Rather than writing a program, we can convert this file using a pipeline of unix commands. It took me a little while to figure out how to make this work, so I am giving the sequence of commands to you here for converting short-kw-inv.d: 

cat short-kw-inv.d | cut -f 1,3 | sort -k 2,2 -nr | \
awk '{s += 1; print s, "\t", $2, "\t", $1}' > short-zipf.txt
We are going to use short-zipf.txt as input to the visualization program, and it requires tab-separated input. 
Question 5: Describe what each stage of the pipeline does. Hint: you can produce intermediate temporary results to see what each step does, e.g., 

cat short-kw-inv.d | cut -f 3 > out

and then look at the contents of "out". 

Run the same command on long-kw-inv.d but put the results on long-zipf.txt. Do the same for short-kw-nostop-inv.d putting the results in short-nostop-zipf.txt. 

Now run the visualization program. You have to use the SIMS machines for this as this is the only place it resides. The program is located at: 

Start\Research & Analysis\Data Visualization\Spotfire Pro

Load in your data file short-zipf.txt using the File\Open menu choice (you have to tell it to take a file ending in .txt). The system should just load things properly. It shows the data as a scatter plot of rank against frequency. 

Question 6: Using the visualization to answer this question: How many terms occur 10 times in short-zipf.txt? Which terms occur 15 times? 

Question 7: Use the tabs on the X-axis and Y-axis to change the input the scatter plot. Set Y to Column 1 and X to Column 2. Does this change the shape of the curve very much? Now Change Y back to Column 2 and set X to Column 3. Does alphabetical order of terms correlate to word frequency? 
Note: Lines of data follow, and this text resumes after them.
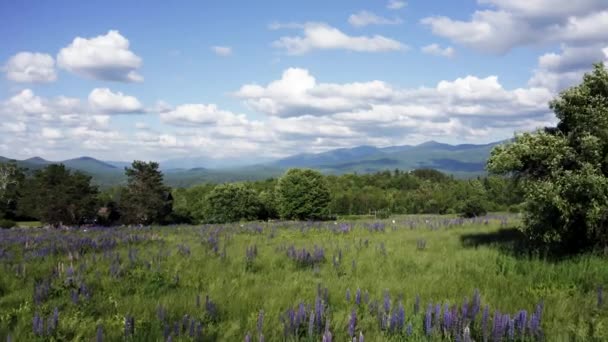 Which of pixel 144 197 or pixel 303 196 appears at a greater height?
pixel 144 197

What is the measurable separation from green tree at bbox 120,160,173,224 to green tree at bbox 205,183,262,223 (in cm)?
1239

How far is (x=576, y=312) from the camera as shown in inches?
227

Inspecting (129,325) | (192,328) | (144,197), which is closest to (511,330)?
(192,328)

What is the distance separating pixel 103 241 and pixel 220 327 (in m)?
8.66

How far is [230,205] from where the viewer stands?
92938 millimetres

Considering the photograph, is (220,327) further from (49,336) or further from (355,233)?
(355,233)

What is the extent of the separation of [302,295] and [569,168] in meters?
6.31

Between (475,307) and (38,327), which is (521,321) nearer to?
(475,307)

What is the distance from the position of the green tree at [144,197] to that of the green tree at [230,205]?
488 inches

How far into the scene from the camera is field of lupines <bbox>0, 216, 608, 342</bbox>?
4.90m

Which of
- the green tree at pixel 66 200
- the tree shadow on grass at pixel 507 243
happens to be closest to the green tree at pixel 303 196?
the green tree at pixel 66 200

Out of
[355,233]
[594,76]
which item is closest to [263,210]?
[355,233]

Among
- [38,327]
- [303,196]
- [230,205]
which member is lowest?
[230,205]

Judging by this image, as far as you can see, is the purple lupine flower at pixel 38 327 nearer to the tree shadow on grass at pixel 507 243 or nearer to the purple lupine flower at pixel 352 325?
the purple lupine flower at pixel 352 325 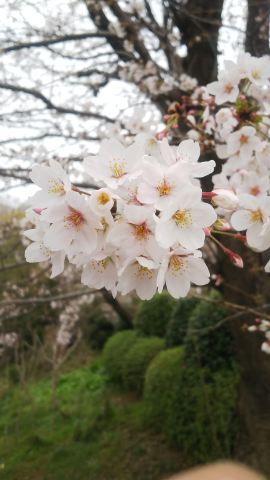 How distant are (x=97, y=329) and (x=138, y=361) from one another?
A: 147 inches

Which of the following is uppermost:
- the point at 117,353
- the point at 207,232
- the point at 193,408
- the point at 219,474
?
the point at 207,232

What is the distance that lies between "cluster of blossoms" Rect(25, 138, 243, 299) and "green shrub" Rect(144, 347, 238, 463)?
2971mm

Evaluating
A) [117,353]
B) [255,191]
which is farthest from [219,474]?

Question 8: Now load in the data for short-nostop-zipf.txt. How is this different or similar to the graph for short-zipf.txt. Why? 

Now load in the data for long-zipf.txt. 

Question 9: Play around with the sliders to see different subsets of the data. Note that these are special sliders that let you focus on a subset of the data. Moving both arrows close together on an axis greatly reduces the number of data points you see. Adjust the sliders so you can answer this: about how many terms have frequencies between 480 and 500? 

Question 10: (This is the important question.) Compare the fully-expanded initial view of long-zipf with the fully-expanded initial view of short-zipf. Discuss the similarities/differences. Why does this occur? 

Question 11: (This is the other important question.) Think about tf*idf term weighting. Discuss how these graphs show why we divide the frequency with which a term occurs in an individual document (tf) by the number of documents it occurs in (df). Why is this a good strategy for ranking documents? 

Question 12:: Turn in screenshots of the visualization showing short-zipf and long-zipf separate images are fine).

Please submit a hard copy of your assignment in class. Please clearly separate your answers from the questions and from each other to facilitate grading. Also, keep an electronic copy of your assignment in case we ask you to submit it to be posted as an example of a good answer!